Depuis mon enfance, chaque soir de manifestation syndicale, j’entends à la radio la sempiternelle annonce « un million de manifestants selon les organisateurs, 400 000 selon la police » (et même 80 000 pour celle de ce 14 juin 2016).
Une question d’honneur professionnel pour la statistique
À l’époque (reculée : années 1970 ou 80) où je travaillais à l’INSEE, un certain nombre de statisticiens syndiqués en vinrent à penser que cette disjonction numérique mettait en cause leur honneur professionnel et militant, et qu’il convenait d’en avoir le cœur net. Ils décidèrent de dénombrer.
Le groupe comportait une proportion importante d’anciens élèves des meilleures écoles de la République, ce qui offrait toutes les garanties souhaitables de scientificité de l’opération. En attendant la prochaine journée de mobilisation nationale, ils mirent au point leur dispositif.
Les principes en étaient les suivants : sur le parcours du cortège, choisir un poste d’observation selon deux critères, que la voie empruntée soit à cet endroit la plus étroite possible, et que s’y trouve un café pourvu d’une salle au premier étage avec vue sur la rue.
Vint le jour de l’appel à manifester et de l’annonce du parcours retenu. Un poste d’observation adéquat fut identifié et les troupes statisticiennes s’organisèrent, riches de leur expérience manifestante. Le gros des effectifs était divisé en deux compagnies, l’une chargée de compter les rangs, l’autre d’évaluer les effectifs de chaque rang.
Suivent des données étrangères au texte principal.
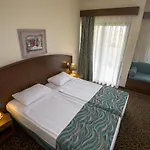Szálloda Random By Lookbookholiday 4*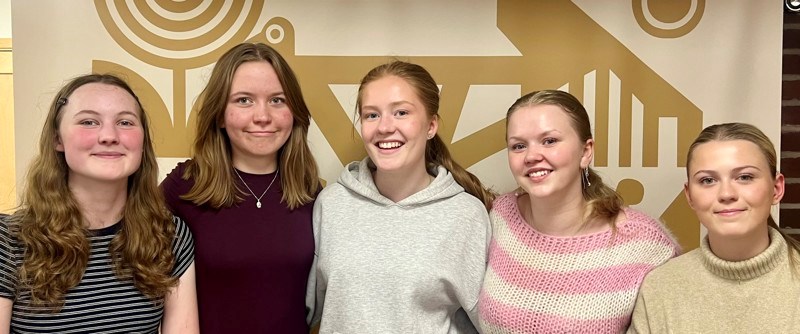 Glada första- och andrapristagare. (fr.v):  Stina Lundberg, Stina Sundberg, Idamaria Wirtala, Miriam Hellström och Agnes Wallin.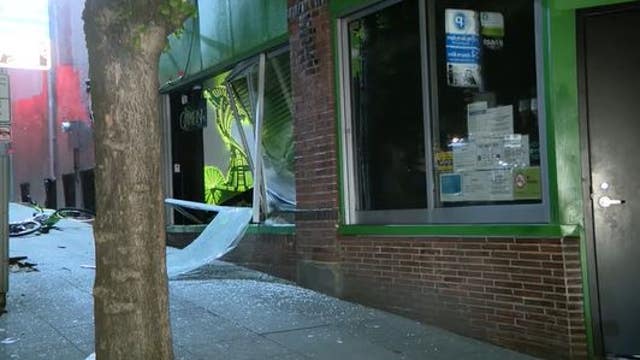 4 arrested in Seattle pot shop smash-and-grab burglary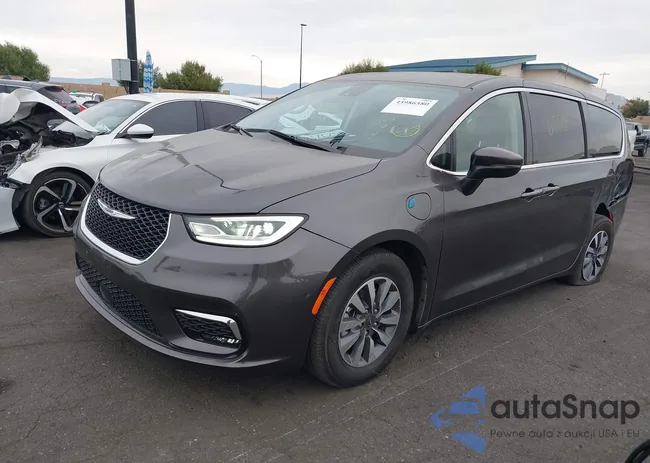 2C4RC1L70PR604029: 43986580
Des escouades plus petites et plus spécialisées étaient chargées d’étudier les phénomènes perturbateurs : manifestants qui remontaient le cortège à contre-sens et risquaient d’être comptés deux fois, badauds stationnant en bordure de trottoir et à ne pas compter, sauf s’ils se décidaient soudain à rejoindre la manifestation, etc.
Ainsi fut fait. Je n’en étais pas, et le présent récit repose sur le témoignage d’un acteur unique, je ne le donne que pour ce qu’il est. Mais le résultat fut de nature à désespérer les masse militantes :
le chiffre de la police était très exact, celui des organisateurs très faux. Comme ce n’était pas ce que l’on espérait découvrir, ces découvertes furent tues et l’expérience ne fut pas renouvelée.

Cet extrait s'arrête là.